Os olhos de Hilme faiscaram e ele não disse nada.
— Proponho a retirada das duas queixas — disse Armin. A voz envelhecida do fisiopata foi uma certa surpresa para mim. — Se o Hilme o pôs diante da classe, ele deu permissão. E não há infração das normas se você lhe deu um fio do seu cabelo e o viu grudá-lo na cabeça do boneco.
— Eu esperava que ele controlasse melhor o que estava fazendo — retrucou Hilme, dirigindo-me um olhar venenoso.
— Não há infração — repetiu Armin, obstinado, fuzilando Hilme por trás dos óculos, enquanto as rugas idosas de seu rosto compunham uma expressão feroz.
— Isso se enquadraria em uso temerário da simpatia — interpôs Loran com frieza.
— Essa é uma moção para cancelar as duas queixas anteriores e substituí-las por uso temerário da simpatia? — perguntou o Reitor, tentando resgatar um falso aspecto de formalidade.
— Sim — disse Armin, ainda fuzilando Hilme assustadoramente pelas lentes dos óculos.

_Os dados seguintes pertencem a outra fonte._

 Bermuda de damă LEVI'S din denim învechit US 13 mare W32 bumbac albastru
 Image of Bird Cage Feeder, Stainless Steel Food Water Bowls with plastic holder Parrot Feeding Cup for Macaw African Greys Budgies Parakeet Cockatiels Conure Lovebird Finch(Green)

— Todos a favor? — perguntou o Reitor.
Houve um coro de "sims" de todos, com exceção de Hilme.
— Contra?
Hilme permaneceu calado.
— Mestre Arquivista, qual é a medida disciplinar aplicável por uso temerário da simpatia?
— Se alguém se ferir em consequência do uso temerário da simpatia, o aluno transgressor deverá ser açoitado nas costas não mais de sete vezes.
Perguntei a mim mesmo que livro Mestre Loran estaria recitando.
— Número pretendido de chicotadas?
Hilme olhou para os rostos dos outros professores, ciente de que a maré se voltara contra ele.
— Meu pé está cheio de bolhas quase até o joelho — grunhiu. — Três chicotadas.
O Reitor pigarreou.
— Algum mestre se opõe a essa ação?
— Sim — disseram juntos Lal Mirch e Kelvin.
— Quem deseja suspender a aplicação da medida disciplinar? Votem levantando as mãos.
Lal Mirch, Kelvin e Armin levantaram as suas prontamente, seguidos pelo Reitor.
Mondrag manteve a mão abaixada, assim como Loran, Brandon e Hilme. Elohkar me deu um sorriso animado, mas não ergueu a mão. Fiquei furioso comigo mesmo por minha ida recente ao Arquivo e pela má impressão que a visita causara em Loran. Não fosse por isso, ele poderia ter virado a balança a meu favor.
— Quatro e meio a favor da suspensão do castigo — disse o Reitor, depois de uma pausa. — Está mantida a medida disciplinar: três chicotadas a serem aplicadas amanhã, dia três de catelyn, ao meio-dia.
Como eu me encontrava profundamente imerso no Coração Congelado, tudo que senti foi uma ligeira curiosidade analítica sobre como seria a experiência de ser açoitado em público.
O julgamento estava saindo melhor do que o esperado.
Marcy teria ficado orgulhosa de mim.